Susan Braley grew up in a family of eleven on a farm in Southern Ontario. Her life in this rural setting profoundly shaped her as daughter, sibling, feminist, partner, reader and writer. Her poetry is included in Best Canadian Poetry 2023, and was nominated for the 2022 National Magazine Award in Poetry. She was the winner of the inaugural BC Cedric Award for Poetry. Her poetry has appeared in the literary journals Antigonish Review, Arc Poetry Magazine, Canadian Women’s Studies, CV2, The Literary Review of Canada, The New Quarterly, Prairie Fire, and Room; and in anthologies such as Walk Myself Home and Poems from Planet Earth. Her poems have been recognized in numerous writing contests, including Arc’s Poem of the Year. For much of her adult life, Susan lived in London, Ontario, where she earned a PhD in Modern Literature, and taught literature, writing and women’s studies. She now lives in Victoria, BC, with her partner.


Editorial Reviews

“Braley gets her hands dirty in Tilling the Darkness. She unearths a fierce, feminist voice as she wrests standing-ground for farm women and their stories. In the ‘mushroom dark,’ readers discover, with Braley, a slanted, beneficent, and necessary light.”

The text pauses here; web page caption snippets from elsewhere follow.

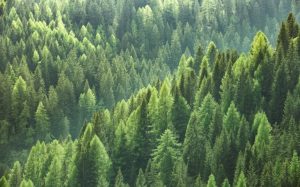 Afforestation – Saving Our Planet 2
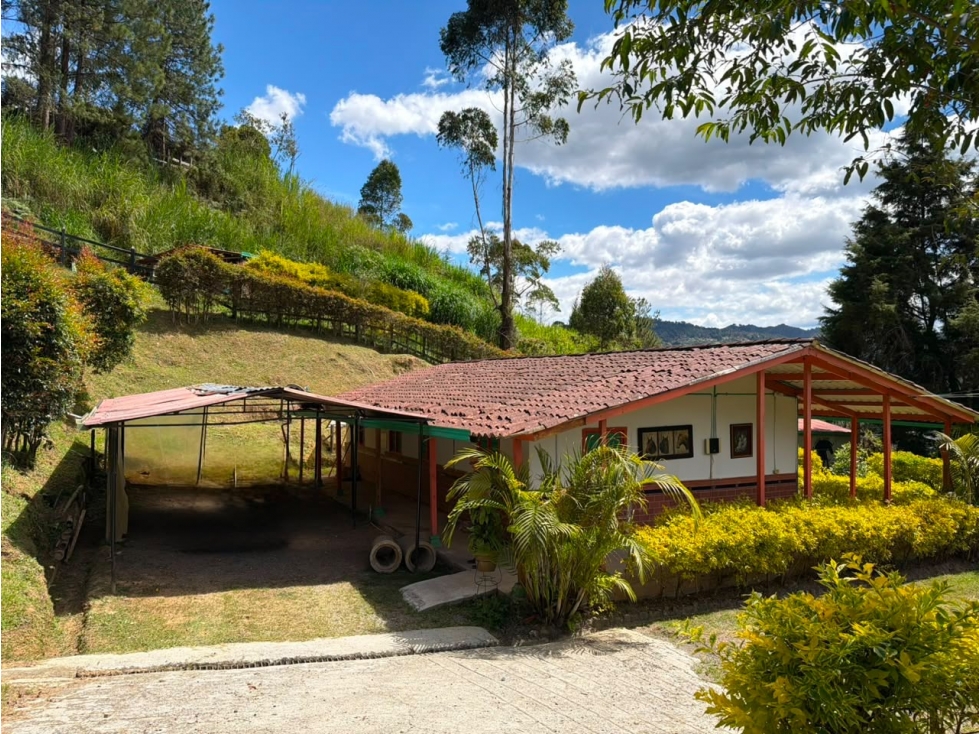 Fina en venta, Guarne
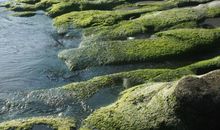 一举一动自成风景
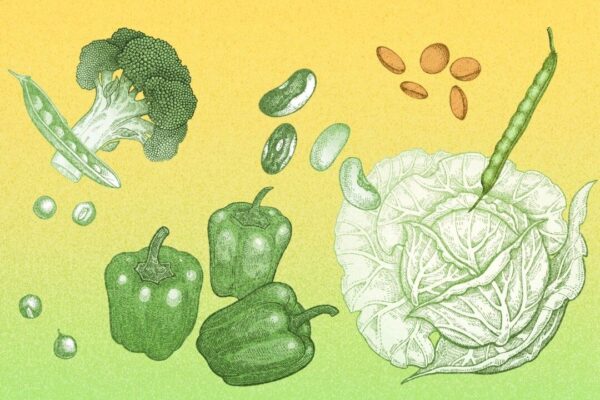 抗栄養素の問題とその悪影響を減らす方法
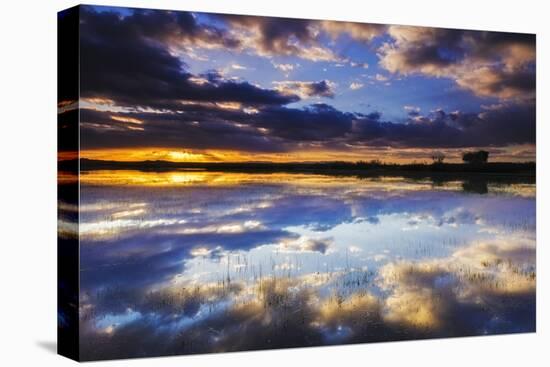 Wetlands at Sunrise, Bosque Del Apache National Wildlife Refuge, New Mexico-Russ Bishop-Stretched Canvas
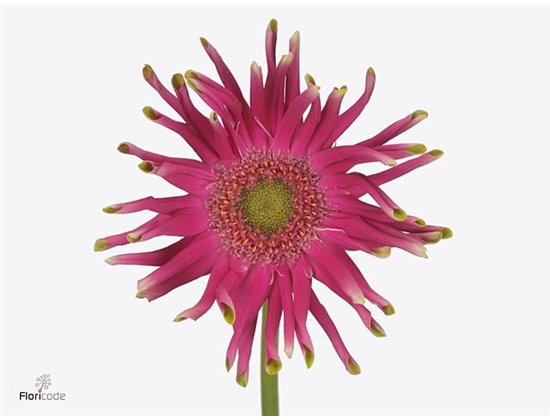 Gerbera * Pastini Milazzo x20 c1856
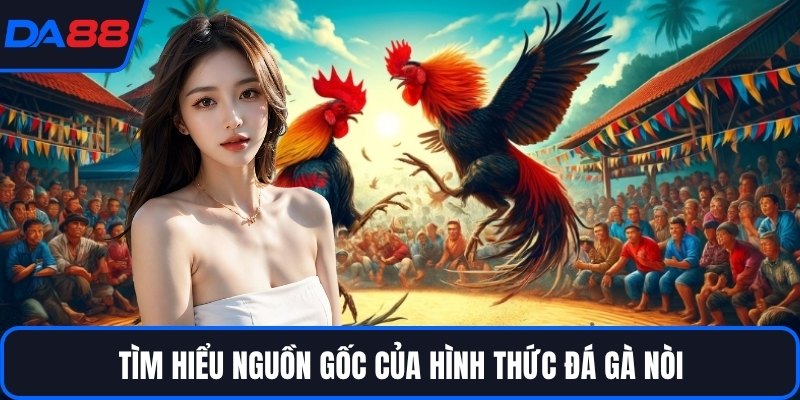Đá Gà Nòi DA88 - Dòng Chiến Kê Huyền Thoại Trên Sới - qorin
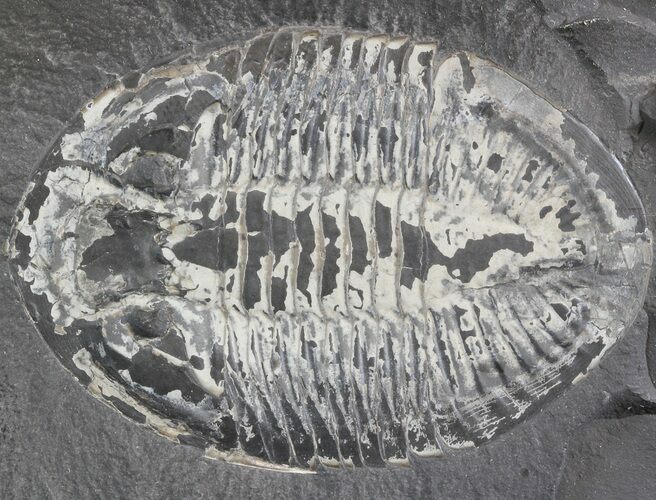 Pseudogygites Trilobite - Ontario #42798
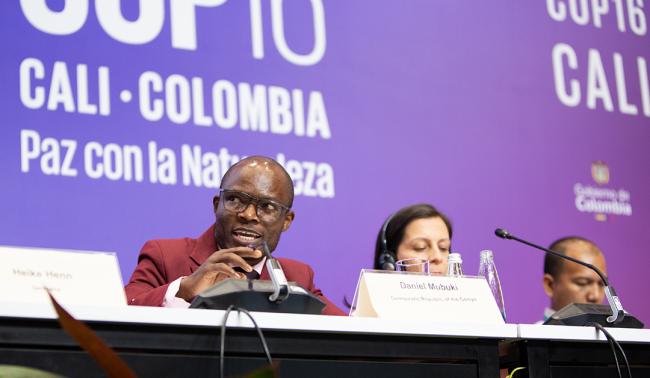 Daniel Mukubi, Ministry of Environment and Sustainable Development, Democratic Republic of Congo (DRC) - Solutions for the Implementation of Synergies - 25 Oct2024.jpg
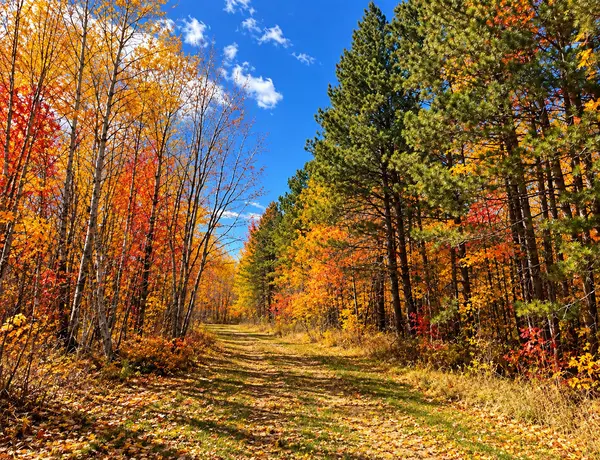TBD (280AC) Maple Grove RD, Cloquet, MN 55720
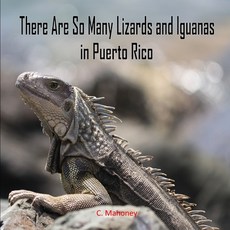 (英文圖書) There Are So Many Lizards and Iguanas in Puerto Rico 平裝版, Independently Published, 英文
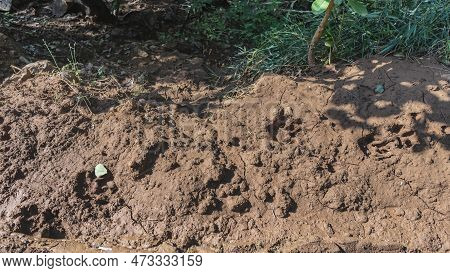 Tiger Paw Prints Are Visible On The Clay Soil. A Chain Of Large Footprints Of A Wild Animal. Green G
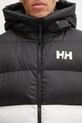 Helly Hansen kurtka ACTIVE czarny 54482
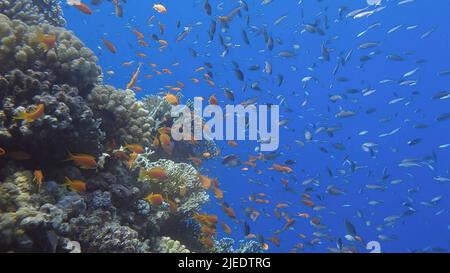 Mer Rouge, Égypte. 26th juin 2022. Les poissons tropicaux colorés nachent sur le récif de corail sur fond bleu. La vie sous-marine dans l'océan. Chrome arabe (Chromis flavaxilla) et anthias LyRetail (Pseudanthias squamipinnis). Red Sea, Egypte (Credit image: © Andrey Nekrasov/ZUMA Press Wire) Banque D'Images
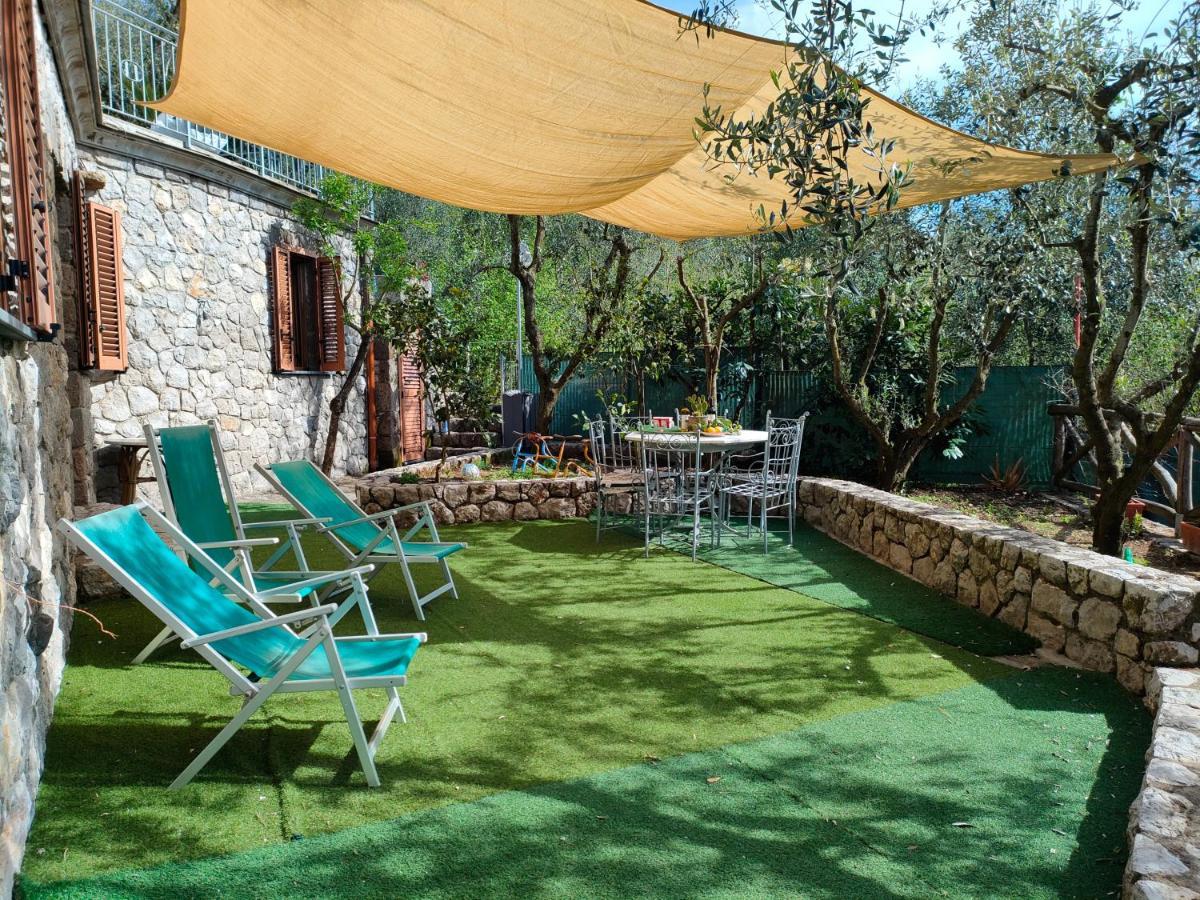 Cynara Holiday House 마사루브렌세 외부 사진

—Cornelia Hoogland, author of Cosmic Bowling, a collaboration with Ted Goodden

“In Tilling the Darkness, Susan Braley opens furrows—‘dark earth pelts’— into the past: her girlhood on a farm in Southern Ontario; her choices, or lack of choices, as a daughter in a large family and a young woman raised in the Catholic Church. Braley does not romanticize rural life or the histories she recounts; siblings, soldiers, students, stones—all are viewed with a scholar’s eye and drawn with a poet’s precision. Darkness is tilled here, but much more is turned over as seasons unfold, as fields are seeded, harvested, and seeded again, as blood seeps and stains, as elegy and requiem give way to reimagination and rebirth.”

—Laura Apol, author of A Fine Yellow Dust

“Have you swum in grain? Dive into Tilling the Darkness and you’re in a hopper of kernels under the ‘thick gold rain’ of Braley’s engrained clarity. With swift, spare intensity, she depicts the bountiful legacy of her early rural life and later, how she navigated inequities of gender roles. Her Via Femminile series gives us images of ordinary women who survive discrimination and violence—and thrive. These finely made poems plow darkness to reveal ‘fire, earth, water, jewel.’”

—Jane Munro, author of False Creek

“Susan Braley’s beautiful inaugural collection is a celebration of life. In particular, the life of a daughter growing up on a mid-century farm in southern Ontario in a large religious family riddled with gendered expectations. The poems reveal the everyday and the extraordinary of farming life: its misfits, its sadnesses, brutalities, disappointments, and joys. And beyond. In strong, careful poetics, Braley conjures the cows afloat in the pasture, the barn burnt to its knees in the night, the ever-present milk, the breasts. And the babies, the babies, the babies. Her poetry tills the darkness with a clear shining light.”